___ Provided material
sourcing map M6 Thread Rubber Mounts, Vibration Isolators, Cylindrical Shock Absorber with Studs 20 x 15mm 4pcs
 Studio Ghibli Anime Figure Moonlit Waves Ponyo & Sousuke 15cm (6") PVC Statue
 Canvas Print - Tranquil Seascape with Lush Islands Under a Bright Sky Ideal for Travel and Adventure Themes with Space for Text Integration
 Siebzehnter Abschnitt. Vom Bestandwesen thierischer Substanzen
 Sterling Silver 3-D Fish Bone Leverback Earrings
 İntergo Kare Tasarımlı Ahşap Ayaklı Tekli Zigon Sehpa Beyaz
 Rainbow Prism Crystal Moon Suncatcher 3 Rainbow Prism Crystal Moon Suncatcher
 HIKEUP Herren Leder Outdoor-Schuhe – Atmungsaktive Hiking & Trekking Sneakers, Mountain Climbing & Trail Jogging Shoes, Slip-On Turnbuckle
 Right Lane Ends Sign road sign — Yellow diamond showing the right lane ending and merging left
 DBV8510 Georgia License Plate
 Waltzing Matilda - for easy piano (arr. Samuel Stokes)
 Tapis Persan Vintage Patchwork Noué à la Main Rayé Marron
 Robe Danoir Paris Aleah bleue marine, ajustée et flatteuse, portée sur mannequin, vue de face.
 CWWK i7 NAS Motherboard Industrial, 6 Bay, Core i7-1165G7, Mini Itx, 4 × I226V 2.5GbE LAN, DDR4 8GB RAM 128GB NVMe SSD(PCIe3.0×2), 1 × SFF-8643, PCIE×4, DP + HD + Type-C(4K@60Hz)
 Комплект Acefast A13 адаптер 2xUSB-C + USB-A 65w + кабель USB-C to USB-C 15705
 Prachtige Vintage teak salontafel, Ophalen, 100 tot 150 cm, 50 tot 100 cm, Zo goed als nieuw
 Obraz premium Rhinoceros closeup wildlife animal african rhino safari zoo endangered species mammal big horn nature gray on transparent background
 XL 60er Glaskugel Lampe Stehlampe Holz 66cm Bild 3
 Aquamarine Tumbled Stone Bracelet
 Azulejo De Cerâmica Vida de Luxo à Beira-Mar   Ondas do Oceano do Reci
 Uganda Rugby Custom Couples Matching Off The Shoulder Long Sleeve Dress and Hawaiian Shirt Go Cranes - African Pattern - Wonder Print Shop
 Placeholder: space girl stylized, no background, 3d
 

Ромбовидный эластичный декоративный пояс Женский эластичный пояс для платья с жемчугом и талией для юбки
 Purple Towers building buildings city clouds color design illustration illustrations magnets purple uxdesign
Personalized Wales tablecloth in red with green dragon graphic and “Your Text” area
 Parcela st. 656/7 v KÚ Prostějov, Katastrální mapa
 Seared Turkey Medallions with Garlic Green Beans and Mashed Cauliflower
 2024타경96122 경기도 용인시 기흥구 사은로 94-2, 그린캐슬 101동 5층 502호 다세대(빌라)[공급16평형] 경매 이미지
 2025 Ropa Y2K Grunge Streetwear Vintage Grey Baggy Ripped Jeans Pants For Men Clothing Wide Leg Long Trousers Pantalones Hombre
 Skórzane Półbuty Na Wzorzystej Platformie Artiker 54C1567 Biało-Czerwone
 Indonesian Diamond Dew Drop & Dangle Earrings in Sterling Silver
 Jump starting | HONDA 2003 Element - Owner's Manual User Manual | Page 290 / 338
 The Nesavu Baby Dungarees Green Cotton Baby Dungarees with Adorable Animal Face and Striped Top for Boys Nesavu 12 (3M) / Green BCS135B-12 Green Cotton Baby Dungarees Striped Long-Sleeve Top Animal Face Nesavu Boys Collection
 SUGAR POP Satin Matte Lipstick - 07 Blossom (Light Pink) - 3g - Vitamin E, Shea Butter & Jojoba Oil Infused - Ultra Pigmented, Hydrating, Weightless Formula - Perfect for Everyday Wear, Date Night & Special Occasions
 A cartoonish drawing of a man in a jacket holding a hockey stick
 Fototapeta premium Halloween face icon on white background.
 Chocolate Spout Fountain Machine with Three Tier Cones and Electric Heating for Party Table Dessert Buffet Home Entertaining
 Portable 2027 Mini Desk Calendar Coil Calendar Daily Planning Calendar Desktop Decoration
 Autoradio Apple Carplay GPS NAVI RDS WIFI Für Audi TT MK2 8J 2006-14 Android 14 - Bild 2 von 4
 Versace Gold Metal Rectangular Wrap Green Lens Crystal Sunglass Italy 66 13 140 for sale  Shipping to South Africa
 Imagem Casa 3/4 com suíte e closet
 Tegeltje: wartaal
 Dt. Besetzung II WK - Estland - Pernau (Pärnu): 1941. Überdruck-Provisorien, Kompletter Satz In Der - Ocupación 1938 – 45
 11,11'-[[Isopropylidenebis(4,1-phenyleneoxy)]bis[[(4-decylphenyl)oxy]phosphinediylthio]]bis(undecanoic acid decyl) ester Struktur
______
### Task
In the entries above, restate word for word the lines between the one holding "2025 Ropa Y2K" and the one holding "The Nesavu Baby", inclusive, and nothing besides.

### Solution to this problem
 2025 Ropa Y2K Grunge Streetwear Vintage Grey Baggy Ripped Jeans Pants For Men Clothing Wide Leg Long Trousers Pantalones Hombre
 Skórzane Półbuty Na Wzorzystej Platformie Artiker 54C1567 Biało-Czerwone
 Indonesian Diamond Dew Drop & Dangle Earrings in Sterling Silver
 Jump starting | HONDA 2003 Element - Owner's Manual User Manual | Page 290 / 338
 The Nesavu Baby Dungarees Green Cotton Baby Dungarees with Adorable Animal Face and Striped Top for Boys Nesavu 12 (3M) / Green BCS135B-12 Green Cotton Baby Dungarees Striped Long-Sleeve Top Animal Face Nesavu Boys Collection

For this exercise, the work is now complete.